It would be possible to add an annotation to "foreign export" that  
states that "the Haskell thread that results from a call-in to this  
function does not need to be bound" (if that would improve  
performance), but back when "bound threads" were born we decided  
against it to keep things simple; instead, we added  
"runInUnboundThread :: IO a -> IO a" to keep the people who were  
concerned about performance happy, and I have yet to see it used by  
anyone.

>> ==== On the implementability of "concurrent reentrant" ====
>> [...] b) The runtime thread will need to periodically check  
>> whether an
>> interthread message has arrived, and if there is no work, block
>> waiting for it. The fast path of checking whether something has been
>> posted to the message queue is fast indeed - you just have to check a
>> global flag.

> I'd integrate it into the EDSM loop somehow (futex maybe) as I have a
> moral adversion for periodic checking of anything.

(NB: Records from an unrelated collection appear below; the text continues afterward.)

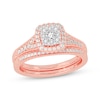 Thumbnail Image 1 of Now + Forever Round-Cut Multi-Diamond Center Cushion-Frame Bridal Set 1/2 ct tw 10K Rose Gold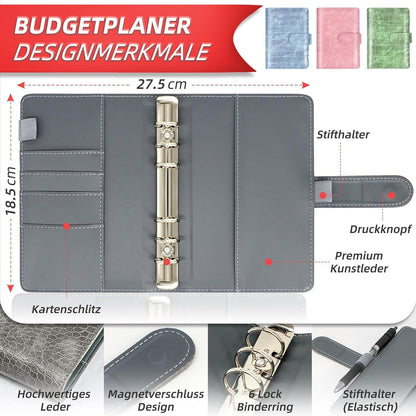 Budget Planner Deutsch Startset mit 8 Sparchallenges Haushaltsbuch A6 Leder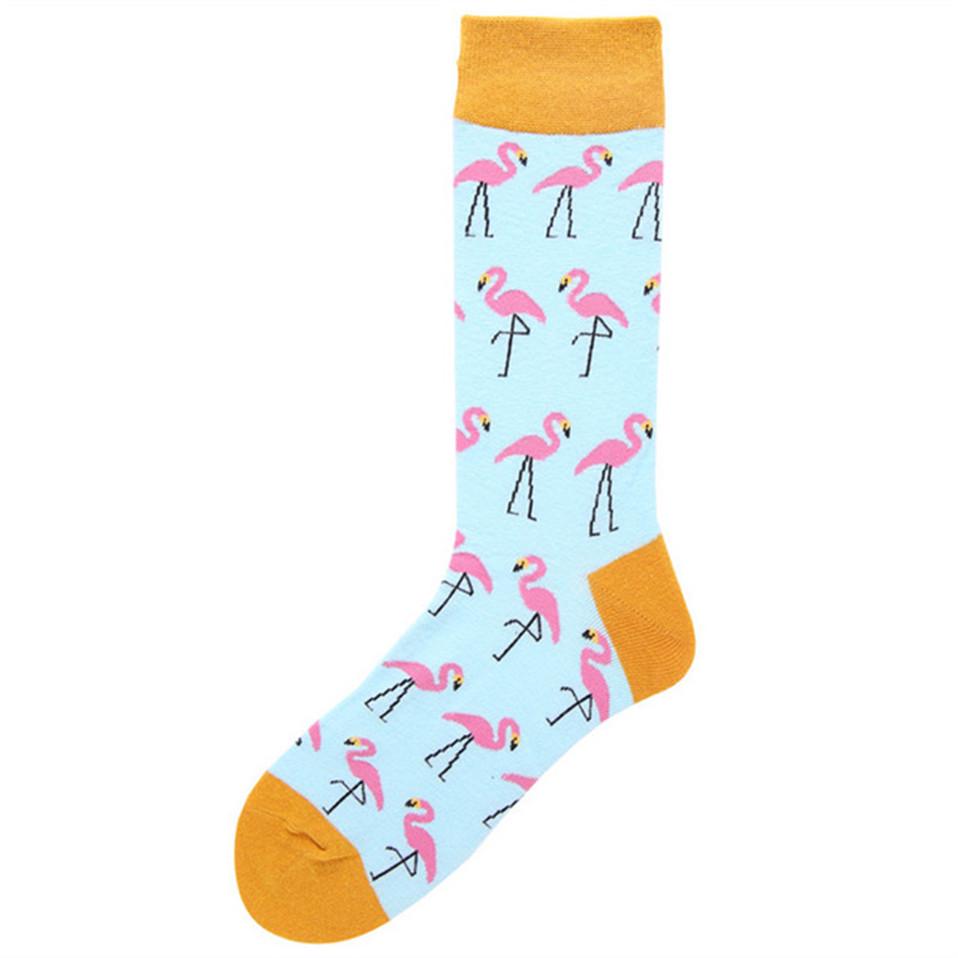 Naljakad paarisokid Harajuku kevadmeeskonna vabaaja õnnelik sokk naiste kunst Flamingo mood armas naise sokk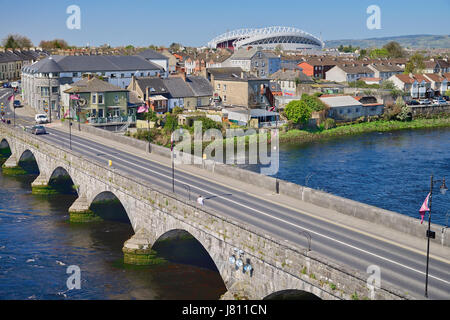 Ireland, County Limerick, Limerick City, Thomond Park Rugby Football ground seen from St Johns Castle with the River Shannon in the foreground. Stock Photo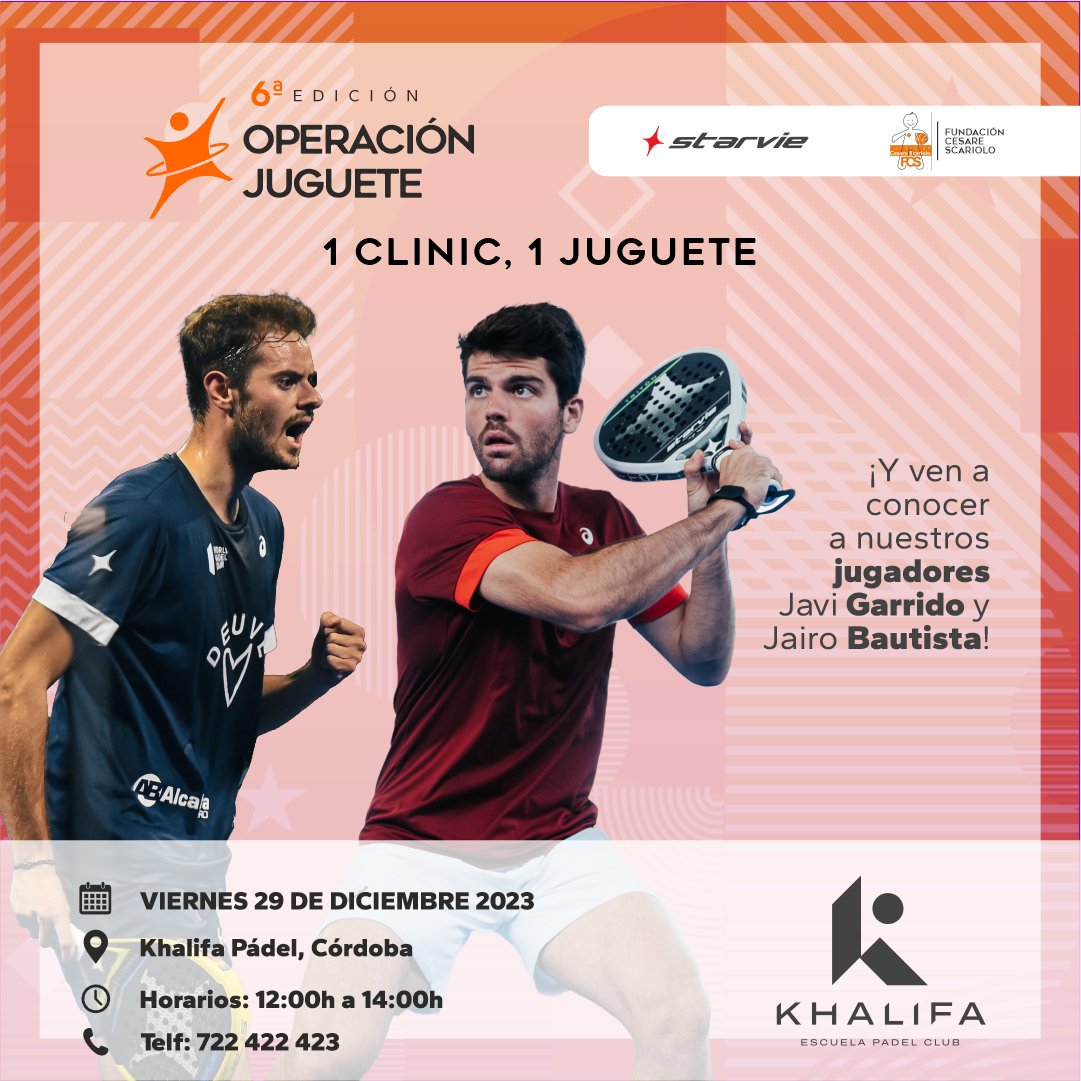 starviepadel's tweet photo. Última parada de nuestra 6ª edición de Operación Juguete a beneficio de la @FCScariolo
📷 Viernes, 29 de diciembre 2023
📷 Khalifa Padel, Córdoba
📷 De 12:00h a 14:00h
#starvieteam #starvie #padelracket #operacionjuguete https://t.co/qcpOc2s86N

Yes, I was thinking of checking the flag just as a way to avoid  
calling epoll if a foreign call is already waiting. Basically, you'll  
want to write a message to a pipe so that it gets picked up by the  
EDSM loop. After all, a pipe is nothing but a traditional unix-style  
message queue :-).

> the main thing is that it is a cost paid by every foreign export.
> perhaps a flag saying "this will only be called nonconcurrently on
> exports" though, perhaps that can be an x-flag if other compilers  
> can't
> take advantage of it.

Yes, such an x-flag would be entirely reasonable if those few  
instructions for a stack pointer range test become significant. Those  
functions will, of course, be very rare.

> how prevelant is support for __thread BTW? is it required by any
> standards or an ELFism?

It is an ELFism by birth; __declspec(thread) is the equivalent  
MSVCism, and I don't know of any other equivalent features (but then  
my horizon doesn't extend much beyond the Mac/Linux/Windows triad). I  
hope that Apple and the mingw32 team soon implement it, too, but  
that's just an unfounded hope.

That's all for now,

Cheers,

Wolfgang